Ha costruito la sua narrazione tessendo insieme dati ed evidenze scientifiche, esperienza, rapporti, documenti e anche denunce. E non ha dubbi: “l’agricoltura è l’attività umana che più ha impattato la biodiversità nel nostro pianeta, lo ha plasmato per come lo vediamo ora e ha divorato ecosistemi naturali su larga scala, metà delle terre emerse è stato destinato alla produzione di cibo”.
Eppure, siamo dinanzi ad un mondo con degli squilibri alimentari enormi, in cui è in corso il più grande esodo di massa della storia umana dalla campagna alle città, per via dei cambiamenti climatici ma anche della mancanza di cibo sicuro e sano. Assistiamo a grandi contraddizioni, da un lato è in calo la sottonutrizione, oggi ne soffre un essere umano ogni dieci, nel 2050 arriveremo a uno ogni 19, dall’altro sempre nel 2050 avremo un miliardo e mezzo di obesi e una richiesta di cibo enorme a fronte degli 8 miliardi di abitanti del pianeta.

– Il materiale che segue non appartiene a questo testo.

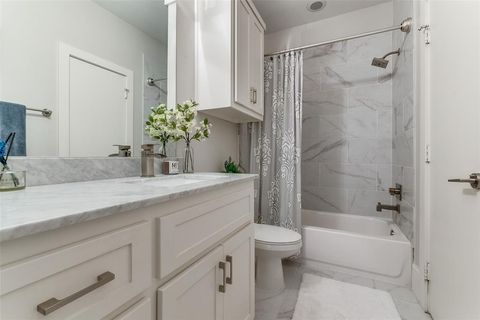 Tiny photo for 5328 Manett Street, Dallas, TX 75206 (MLS # 21067463)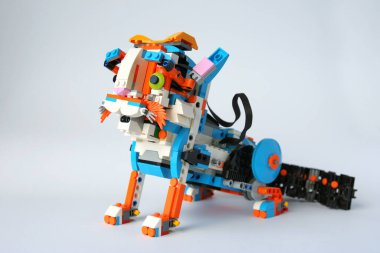Robot kedi arka ayaklarının üzerine oturdu.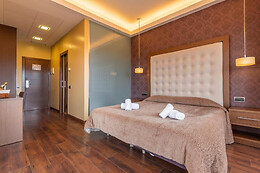 HOTEL FUENTE DEL MIRO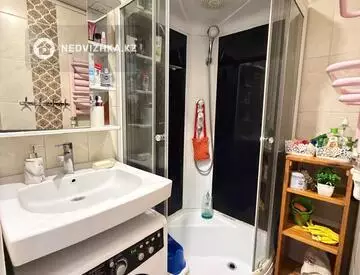 3-комнатная квартира, этаж 3 из 5, 61 м², миниатюра 11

Stiamo assistendo, scrive Balboni, alla nascita del “mangiatore globale, un sapiens urbanizzato di reddito medio il quale – in tempi che in ottica storica sono un battito di ciglia – si sta lasciando alle spalle l’economia rurale, circolare e locale del villaggio per adottare stili alimentari che implicano un flusso globale di materie prime agricole e delle risorse necessarie a produrle”.
Peccato che il pianeta sia in estrema sofferenza, ha quasi esaurito le risorse e la fotografia di Balboni non è semplicemente lucida e impietosa è anche piena di buone soluzioni che potrebbero essere prese in considerazione dai governi mondiali se davvero volessero affrontare la questione: “dalla questione della sostenibilità – produrre meglio dove ci sono aree già coltivate e non andare a produrre ai Tropici deforestando estese aree per perseguire gli obiettivi dell’agribusiness ma anche della piccola agricoltura di sussistenza – al tema del cibo ricavato da proteine di insetti nutriti con scarti alimentari”.
Ma ancora, afferma Balboni, sarebbe importante rivedere gli accordi economici che in ambito Ocse fanno sì che “ogni anno 380 miliardi di euro siano spesi per sussidi agricoli, mentre andrebbero investiti in innovazione senza rincorrere il km zero per gli 8 miliardi di cittadine e cittadini urbani del 2050”.
Non vedremo collassi totali del genere umano, secondo Balboni, ma “l’Europa meridionale sarà fra le aree maggiormente colpite dai cambiamenti climatici, per cui è necessario pensare a cibi diversi, a colture che possano resistere alla siccità, governare lo spreco alimentare e per tutto questo è importante fare più divulgazione possibile, rendere consapevoli le consumatrici e i consumatori in una ottica diversa: non salviamo il mondo da soli, solo con il carrello della spesa e una sostenibilità fai-da-te, è necessario che si chieda una governance globale sulla sicurezza alimentare che impegni la politica, non domani, perché già oggi è tardi”.
NB: il post non è soggetto di sponsorizzazione e/o di affiliazione con i soggetti titolari intervistati, l’intervista e i contenuti sono di pura divulgazione e informazione.